SOURCE MATERIAL

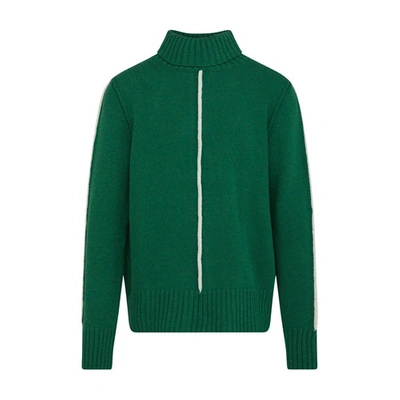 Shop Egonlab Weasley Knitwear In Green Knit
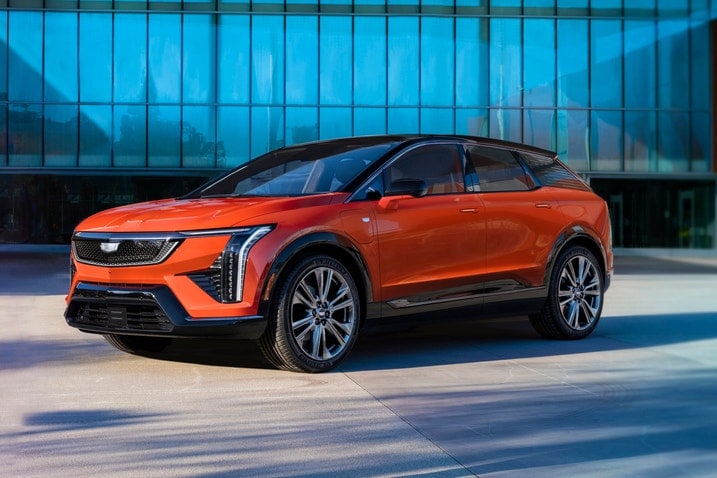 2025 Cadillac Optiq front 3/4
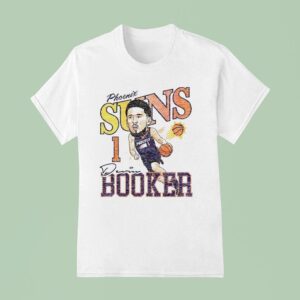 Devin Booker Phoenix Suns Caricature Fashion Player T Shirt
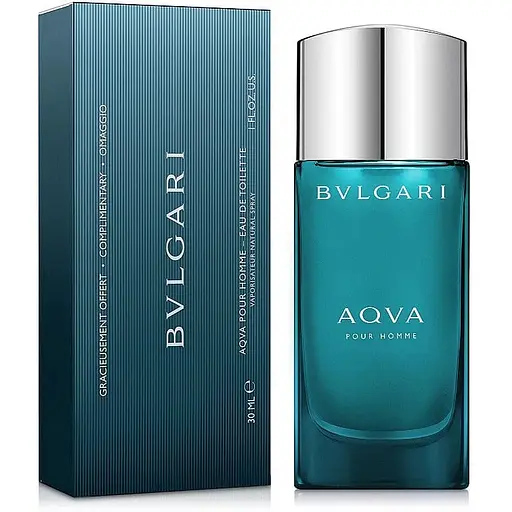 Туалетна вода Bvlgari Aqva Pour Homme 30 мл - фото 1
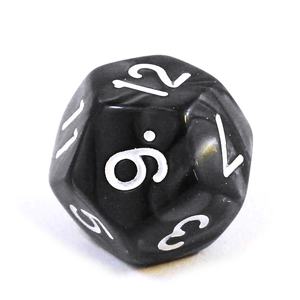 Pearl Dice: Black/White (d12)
==
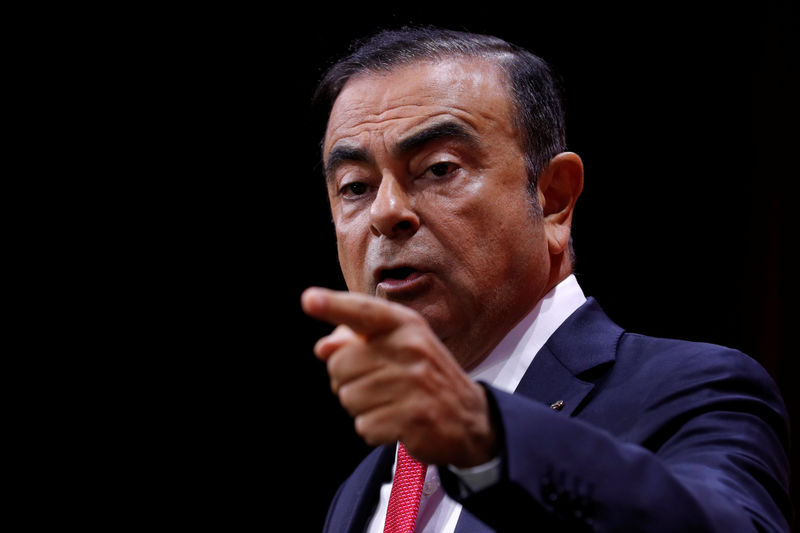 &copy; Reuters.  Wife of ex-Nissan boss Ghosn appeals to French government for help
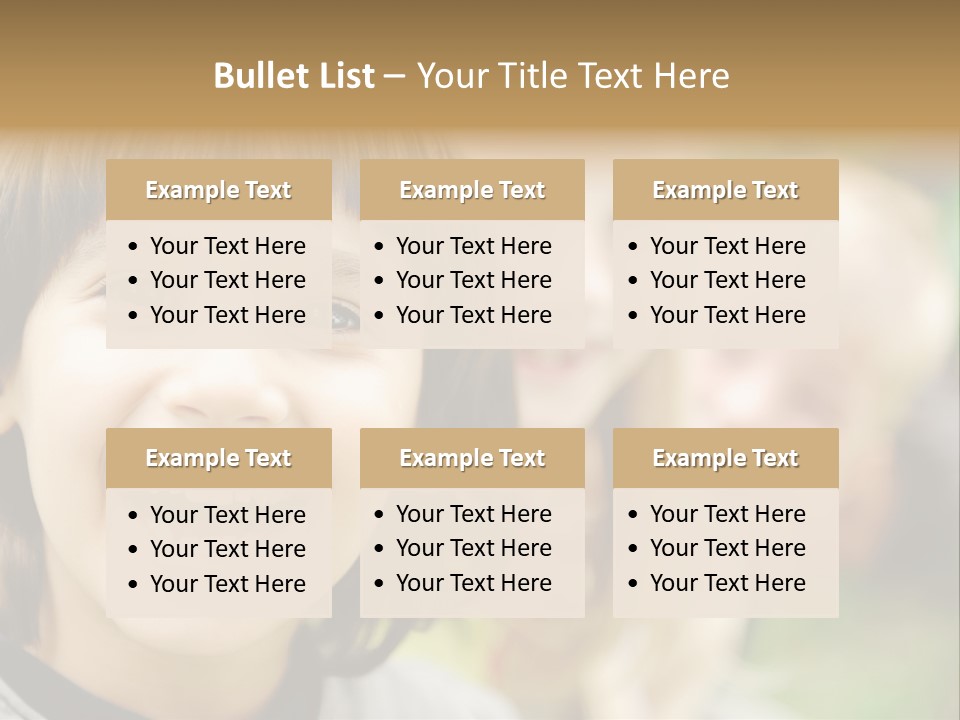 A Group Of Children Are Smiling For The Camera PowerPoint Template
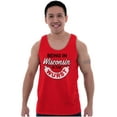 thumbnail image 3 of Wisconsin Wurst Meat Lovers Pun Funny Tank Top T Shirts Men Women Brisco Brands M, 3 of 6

WORK TO BE COMPLETED
When you reach the line with "Shop Egonlab Weasley Knitwear In Green Knit" in the records above, begin repeating the lines exactly, and stop after the line with "Pearl Dice: Black/White (d12)". Skip all pictures.

REPLY
 Shop Egonlab Weasley Knitwear In Green Knit
 2025 Cadillac Optiq front 3/4
 Devin Booker Phoenix Suns Caricature Fashion Player T Shirt
 Туалетна вода Bvlgari Aqva Pour Homme 30 мл - фото 1
 Pearl Dice: Black/White (d12)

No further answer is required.